# TASK BRIEF:
From the first line to the last, give the material again exactly, without the images.

# STORED DATA:
------

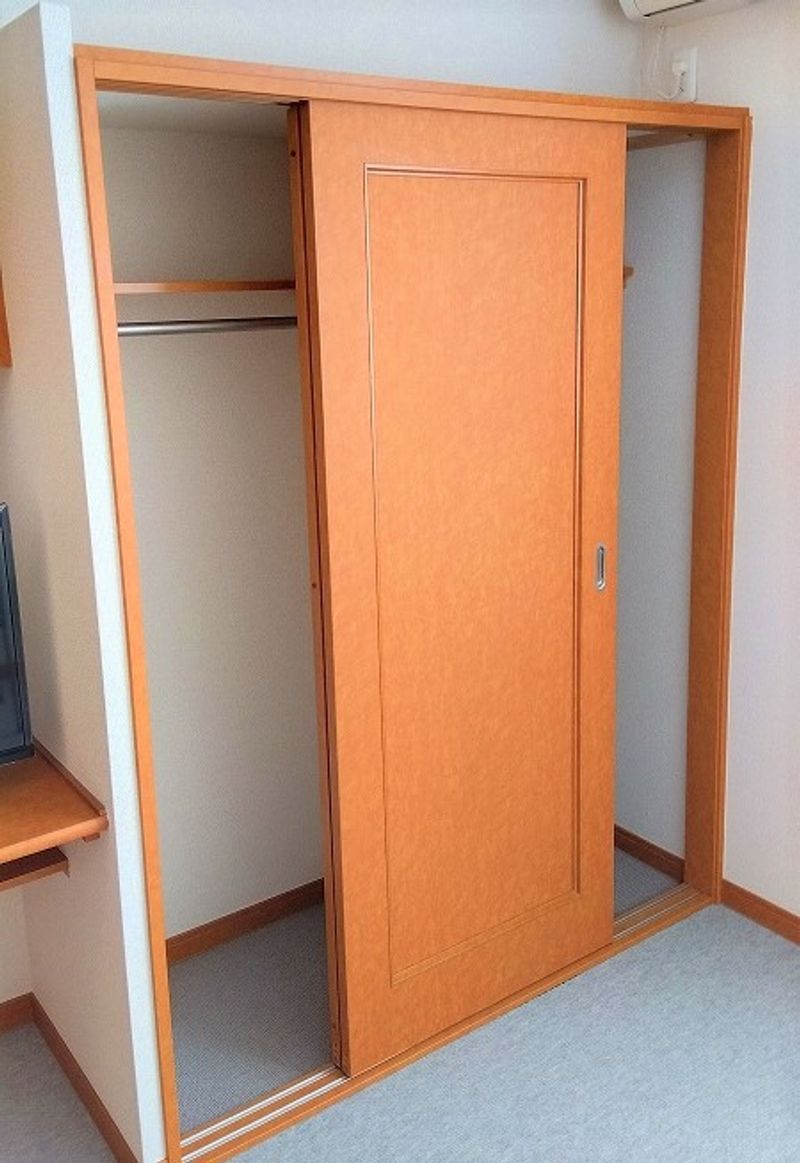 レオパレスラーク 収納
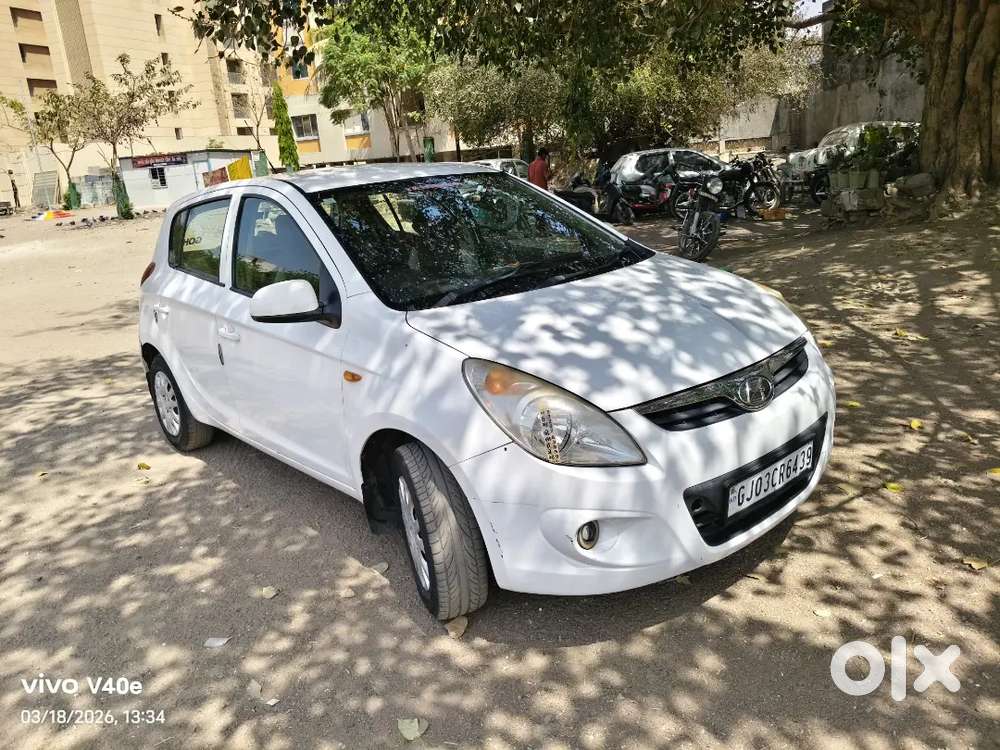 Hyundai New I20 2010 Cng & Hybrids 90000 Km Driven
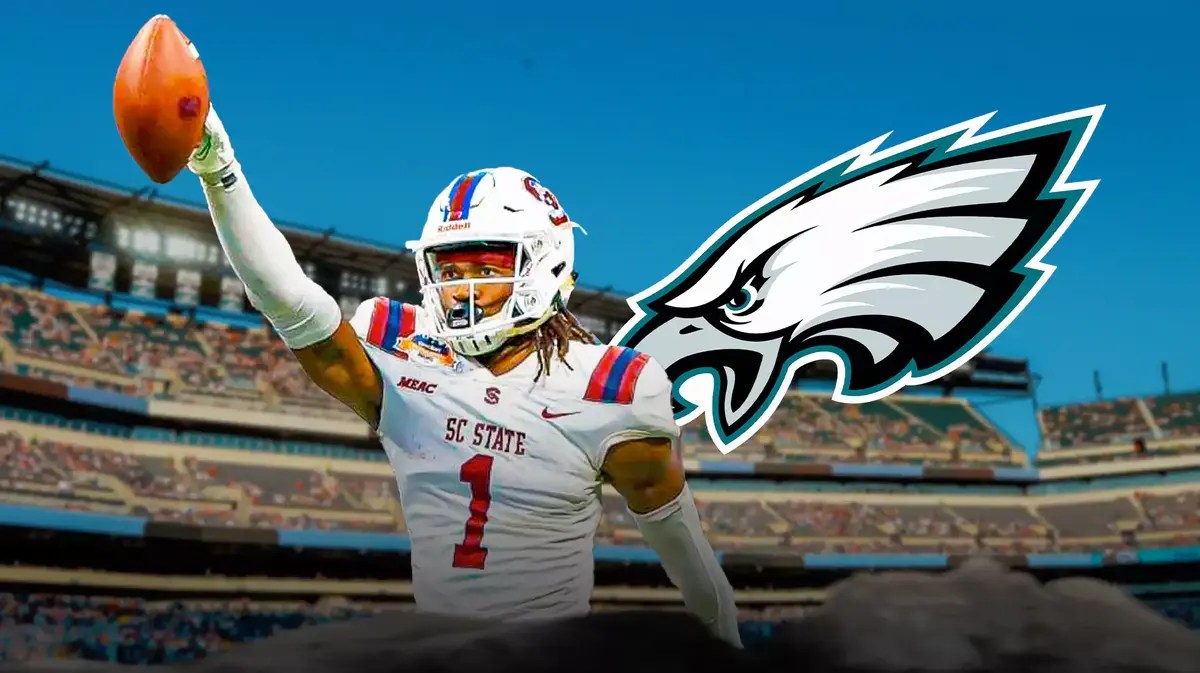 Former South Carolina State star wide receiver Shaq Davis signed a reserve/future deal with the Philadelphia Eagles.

------

# WRITTEN ANSWER:
 レオパレスラーク 収納
 Hyundai New I20 2010 Cng & Hybrids 90000 Km Driven
 Former South Carolina State star wide receiver Shaq Davis signed a reserve/future deal with the Philadelphia Eagles.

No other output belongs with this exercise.